Cloud capex soared across the world over the past year as data centers upgraded their hardware to cope with more online activities throughout the pandemic.

For example, the three largest hyper-cloud companies -- Amazon, Microsoft, and Alphabet's Google -- collectively boosted their capex 32% in 2020. That increased spending should be good news for Intel, which holds a near-monopoly in data center CPUs.

Yet Intel's data center group (DCG) revenue declined 20% year over year to $5.6 billion during the first quarter. It blamed that contraction on a "challenging" comparison to its 43% growth a year ago, which benefited from upgrades across the cloud, enterprise, government, and communication sectors.

But those challenging comparisons could persist throughout 2021 as cloud and data center customers prioritize purchases of other chips, such as NVIDIA's (NVDA 3.71%) high-end GPUs for crunching AI tasks, over Intel's flagship Xeon CPUs. NVIDIA's recent launch of its own data center CPU and its planned takeover of Arm could exacerbate that pressure.

4. Unclear plans for its own foundry

To resolve its ongoing production issues, Intel will outsource the production of some of its chips to TSMC. But it also plans to accept third-party chip orders at its new Intel Foundry Services division.

This strategy contradicts itself. Intel still needs TSMC to produce some of its new chips because of the limitations of its existing foundries, yet it's building new plants to manufacture chips for other fabless chipmakers.

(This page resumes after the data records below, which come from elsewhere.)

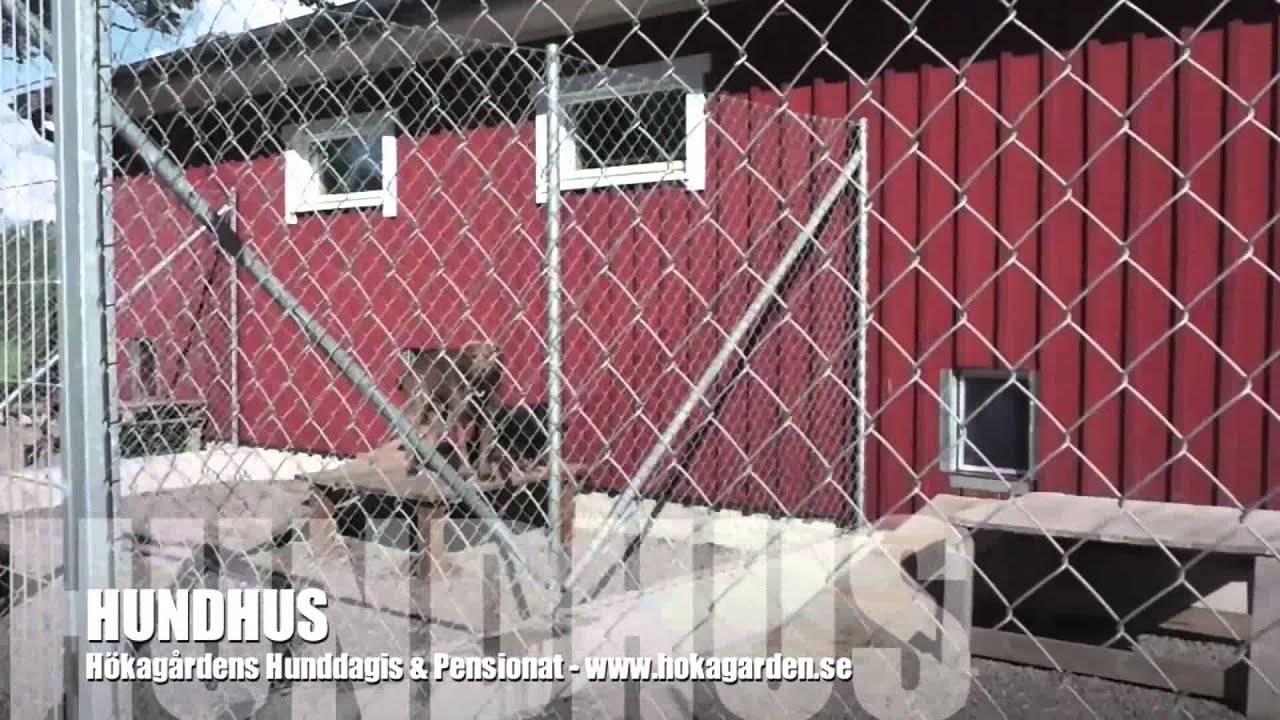 H&Ouml;KAG&Aring;RDENS HUNDDAGIS & PENSIONAT - hundhus med g&auml;ster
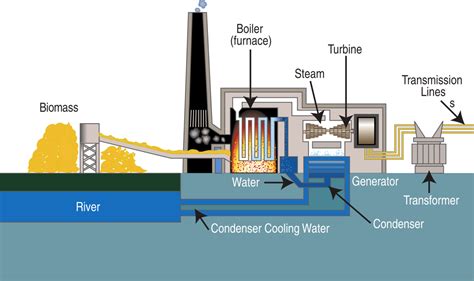 How can biomass serve our needs? • Learning Content • Department of ...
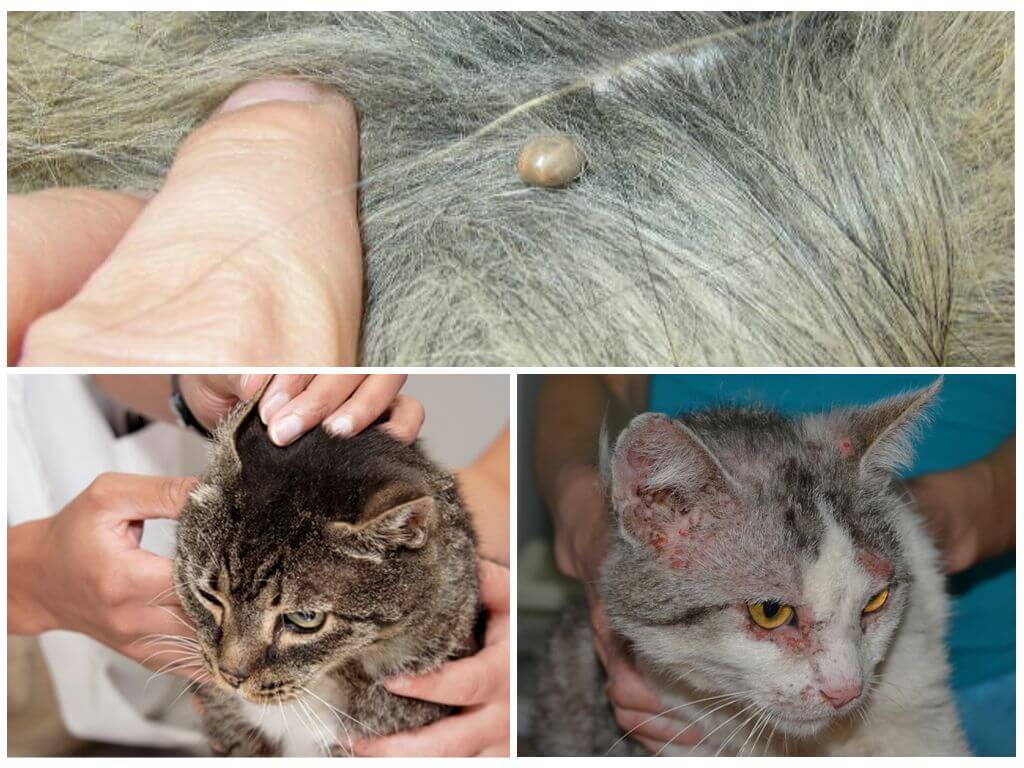 Аллергия на кошек у детей и взрослых - симптомы и лечение аллергии на шерсть кошки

In other words, Intel would still be temporarily dependent on TSMC, which remains ahead in the process race, while trying to compete against TSMC and Samsung for orders of less advanced chips. The foundry services business will also likely generate lower-margin revenue than its CCG and DCG businesses.

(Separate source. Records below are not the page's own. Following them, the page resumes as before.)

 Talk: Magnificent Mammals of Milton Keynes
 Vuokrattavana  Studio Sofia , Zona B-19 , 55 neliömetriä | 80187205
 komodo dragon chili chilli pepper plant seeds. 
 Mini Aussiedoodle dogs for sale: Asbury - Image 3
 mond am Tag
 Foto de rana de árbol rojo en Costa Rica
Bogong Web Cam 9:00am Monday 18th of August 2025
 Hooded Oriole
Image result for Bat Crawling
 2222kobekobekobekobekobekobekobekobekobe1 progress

5. Gross margin pressure and reduced buybacks

Lastly, Intel's adjusted gross margin -- which dropped 6.1 percentage points year over year to 58.4% during the first quarter -- could remain under pressure as its PC sales decelerate, its data center sales decline, and it expands its lower-margin foundry services business.

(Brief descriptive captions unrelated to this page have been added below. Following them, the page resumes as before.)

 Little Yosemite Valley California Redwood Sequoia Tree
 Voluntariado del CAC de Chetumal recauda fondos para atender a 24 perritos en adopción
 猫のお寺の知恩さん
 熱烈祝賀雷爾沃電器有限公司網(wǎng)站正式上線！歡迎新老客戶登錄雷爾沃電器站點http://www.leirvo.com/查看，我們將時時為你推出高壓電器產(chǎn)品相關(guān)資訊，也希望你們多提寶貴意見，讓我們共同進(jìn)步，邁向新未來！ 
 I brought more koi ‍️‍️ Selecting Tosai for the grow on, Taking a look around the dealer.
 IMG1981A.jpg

Intel also plans to reduce its buybacks to conserve more cash for its expansion efforts. That's a necessary measure, but it will throttle its EPS growth as its gross and operating margins contract.

The bottom line

Intel isn't doomed yet, but it's falling behind better-run chipmakers like AMD, NVIDIA, and TSMC. Intel's new CEO Pat Gelsinger claims 2021 will be a "pivotal year" for the company -- but I'd like to see it actually pivot before I can consider it a worthy investment.